(Captioned web images)
--*--

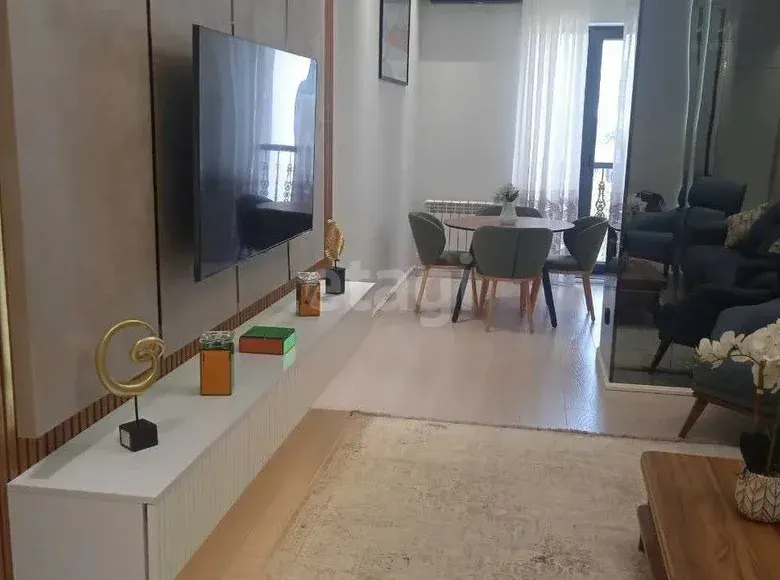 Sotiladi 2 xonali kvartira, 63 m², 8/10 qavat — Mirzo Ulugʻbek tumani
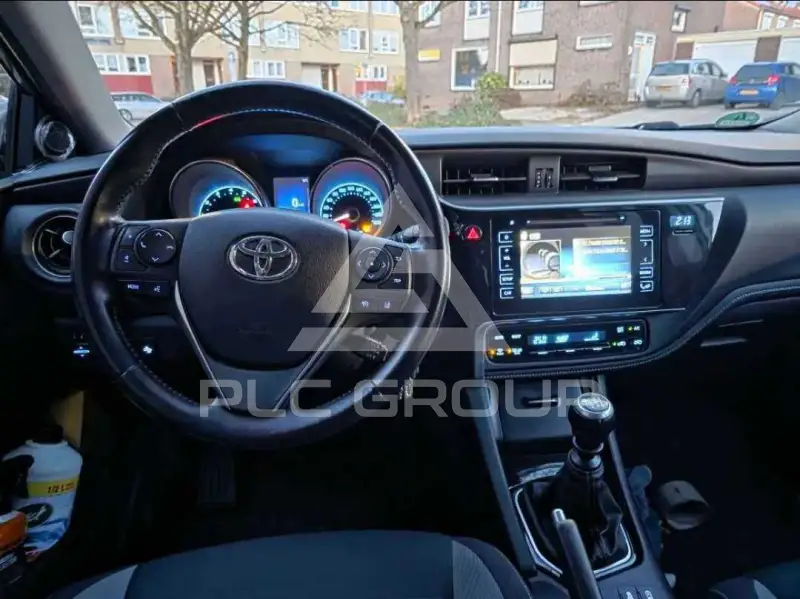 2016 Toyota AURIS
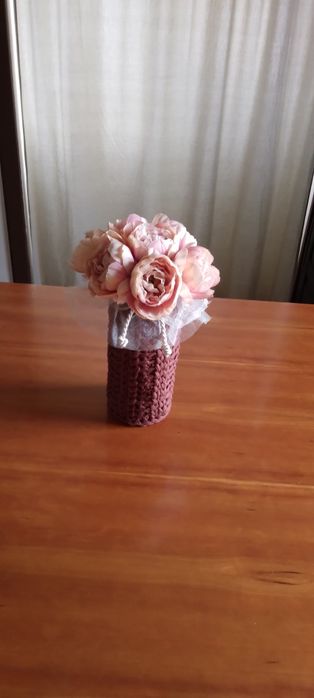 Jarra em crochet bordeaux com flores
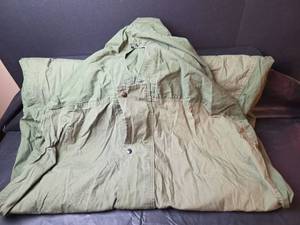 lot 336 image: Military Sleeping Bag Case M-1945 Water Repellent DSA 100-67-C-3864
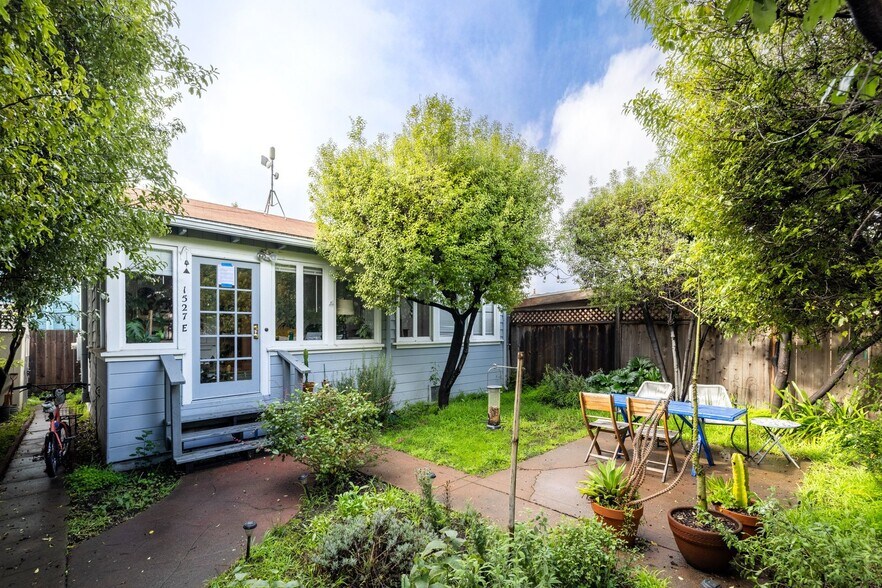 More Photos Of 1527 8th St, Alameda Apartments For Sale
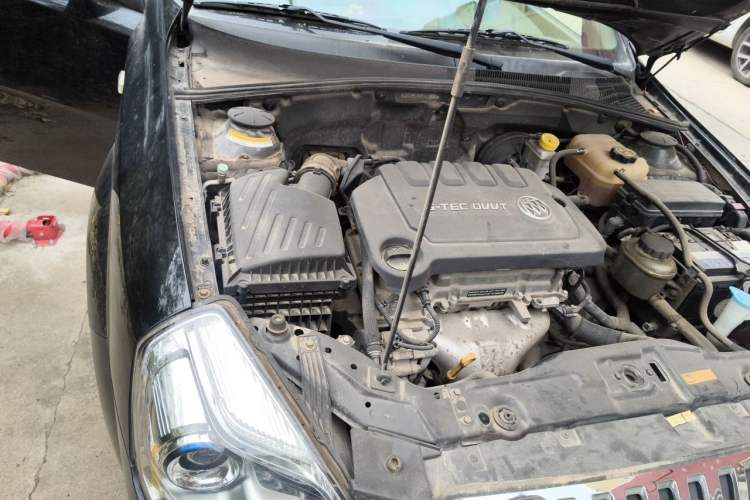 Used Buick Excelle 2015 1.5L Manual Classic Trim Engine Bay Right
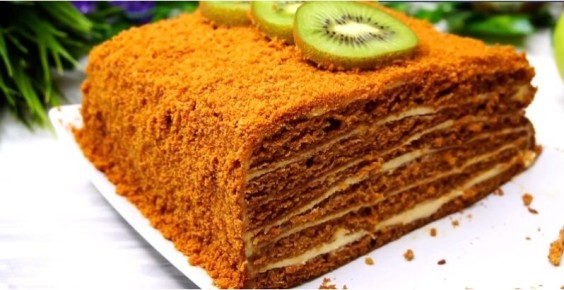 Невероятный медовик за 30 минут без раскатки: простой рецепт для любого повода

--*--

Exercise =>
Set down the records exactly, without the pictures.

Solution for this problem =>
 Sotiladi 2 xonali kvartira, 63 m², 8/10 qavat — Mirzo Ulugʻbek tumani
 2016 Toyota AURIS
 Jarra em crochet bordeaux com flores
 lot 336 image: Military Sleeping Bag Case M-1945 Water Repellent DSA 100-67-C-3864
 More Photos Of 1527 8th St, Alameda Apartments For Sale
 Used Buick Excelle 2015 1.5L Manual Classic Trim Engine Bay Right
 Невероятный медовик за 30 минут без раскатки: простой рецепт для любого повода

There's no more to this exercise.